(Image-caption web data)
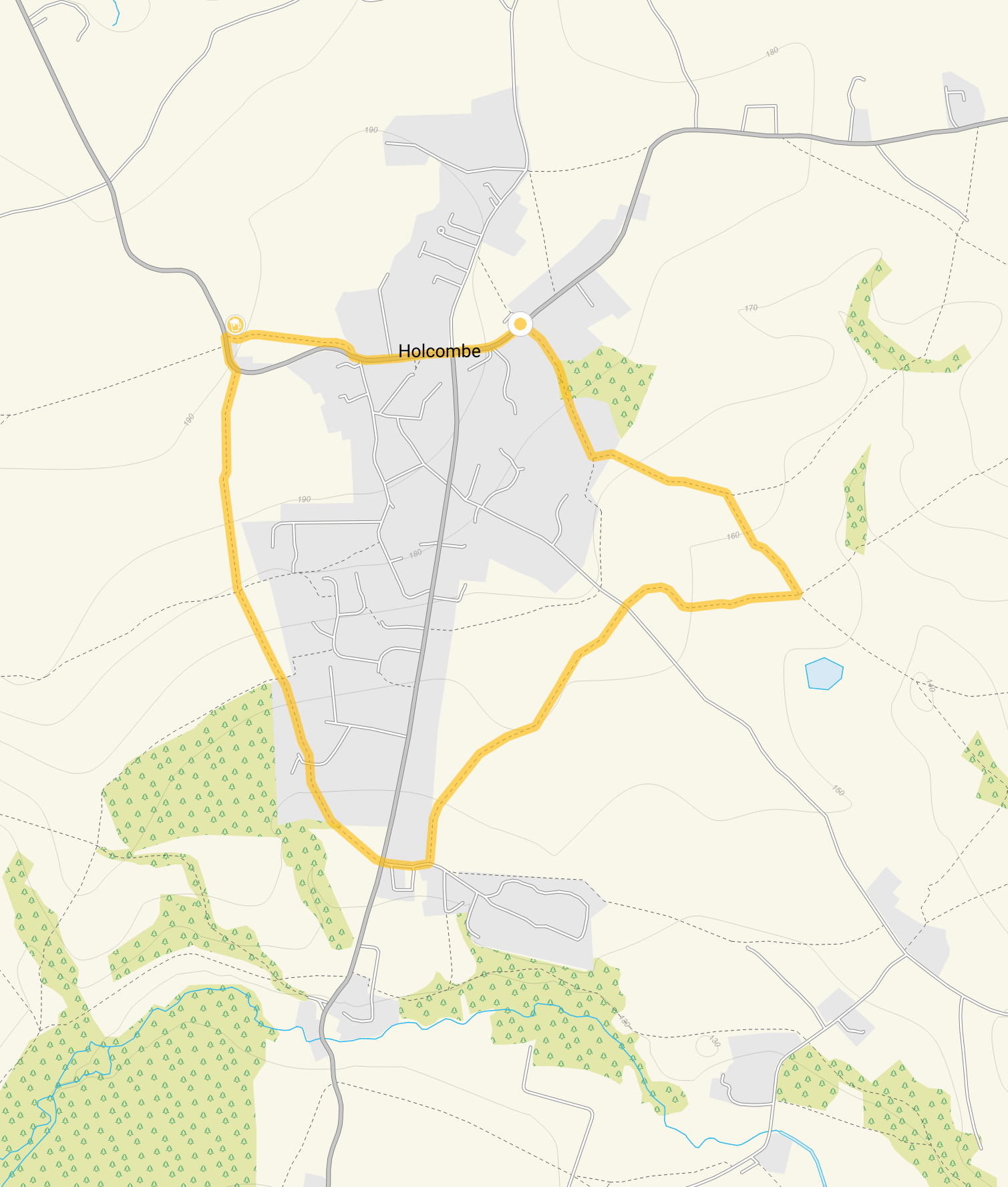 Route map for Holcombe Walk 1, a 1.75 mile circular walk in Somerset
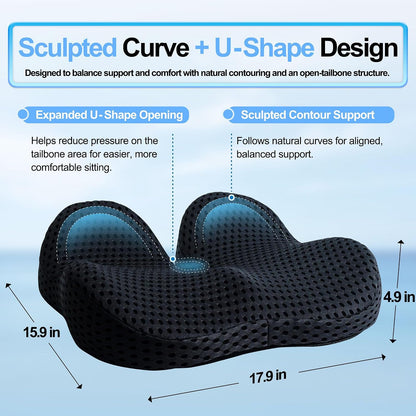 Ergonomic Memory Foam Seat Cushion Hemorrhoid Pillow for Hip Sciatica and Tailbone Pain Relief for Office Chair Car and Home (Black)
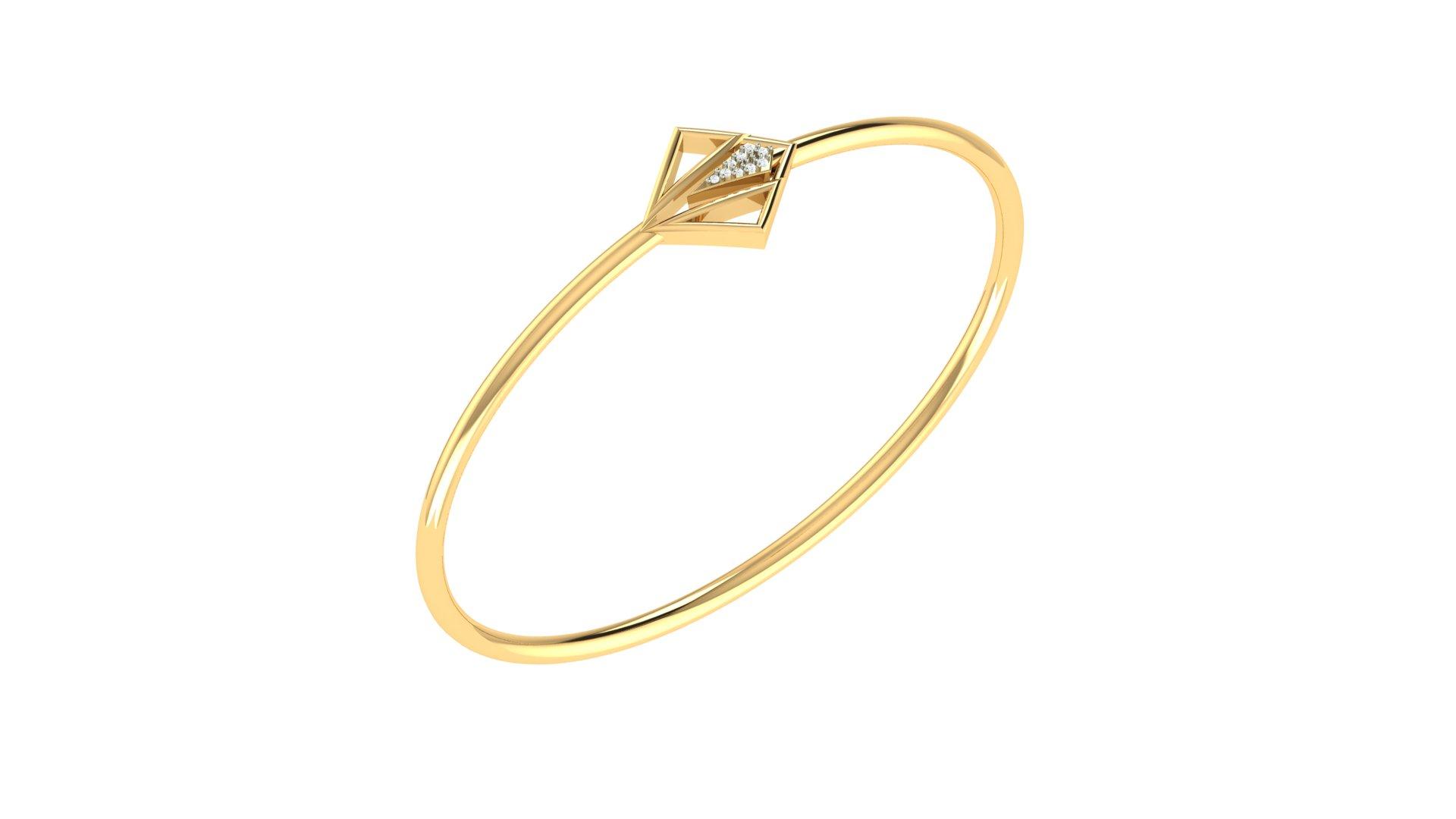 Aurelia Diamond Bangle , Yellow Gold , 1.2 Inch , 18 K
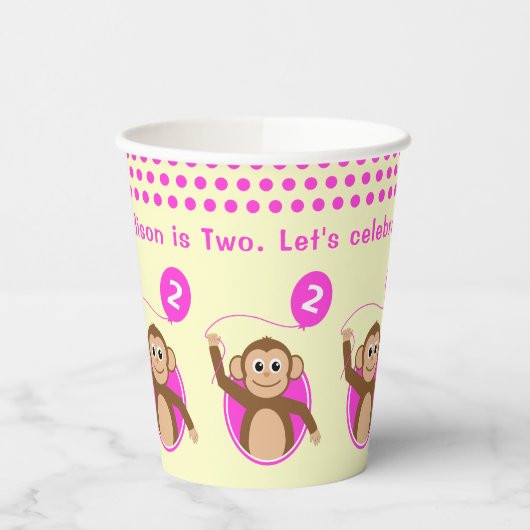 2e verjaardag aap roze ballon papieren bekers (Links)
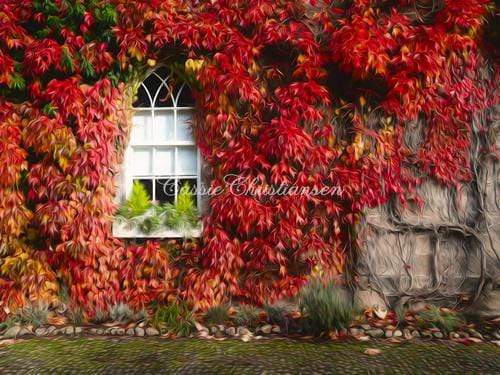 Katebackdrop£ºKate Fall Red Maple Leaf with Window Backdrop Designed by Cassie Christiansen Photography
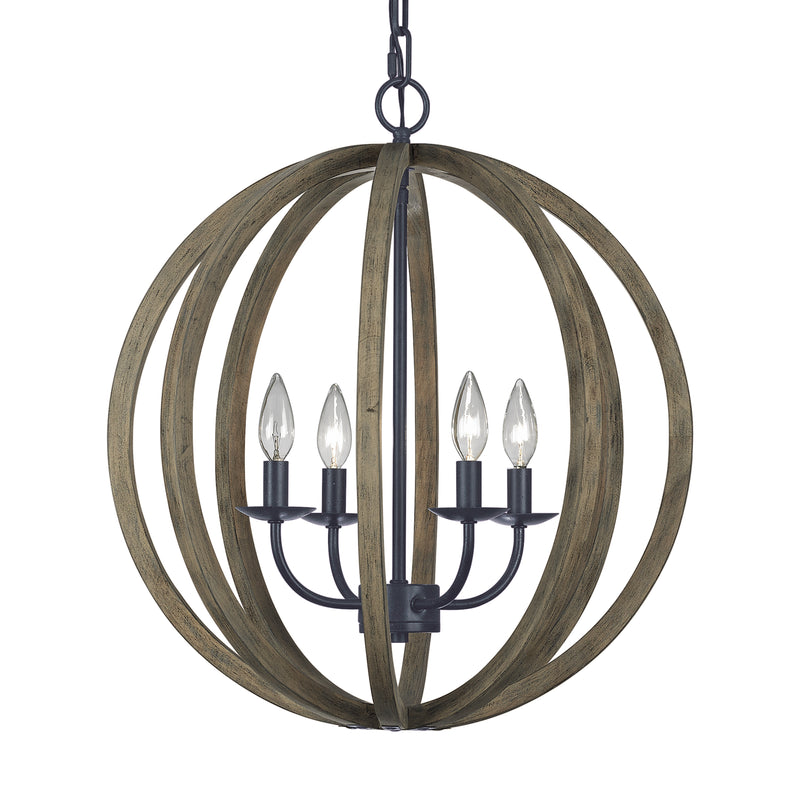 Visual Comfort Studio - F2935/4WOW/AF - Four Light Pendant - Allier - Weathered Oak Wood / Antique Forged Iron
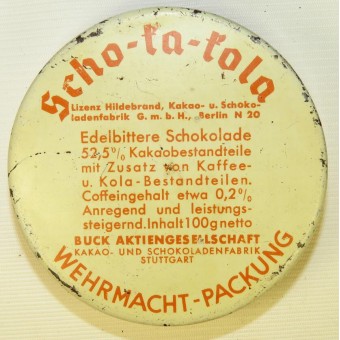 Scho-ka-kola 1.938 años. Die stärkende Schokolade. Packung Wehrmacht.. Espenlaub militaria
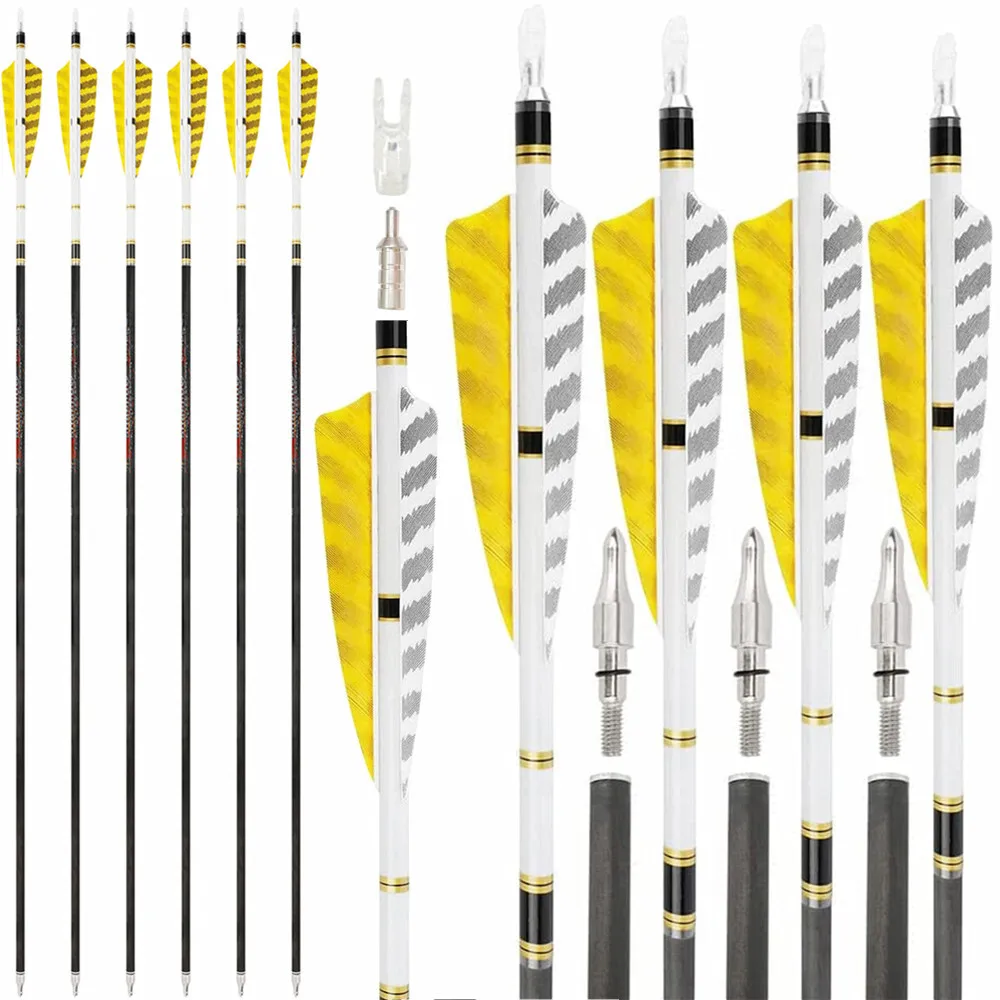 6/12pcs Archery Pure Carbon Arrow 31 Inch SP250-600 ID6.2mm Arrow for Outdoor Archery Bow Hunting Shooting Training Accessories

Work instruction: Set down word for word the lines above from the one with "Aurelia Diamond Bangle" up to and including the one with "Katebackdrop£ºKate Fall Red". Omit every picture.

Response for this exercise:
 Aurelia Diamond Bangle , Yellow Gold , 1.2 Inch , 18 K
 2e verjaardag aap roze ballon papieren bekers (Links)
 Katebackdrop£ºKate Fall Red Maple Leaf with Window Backdrop Designed by Cassie Christiansen Photography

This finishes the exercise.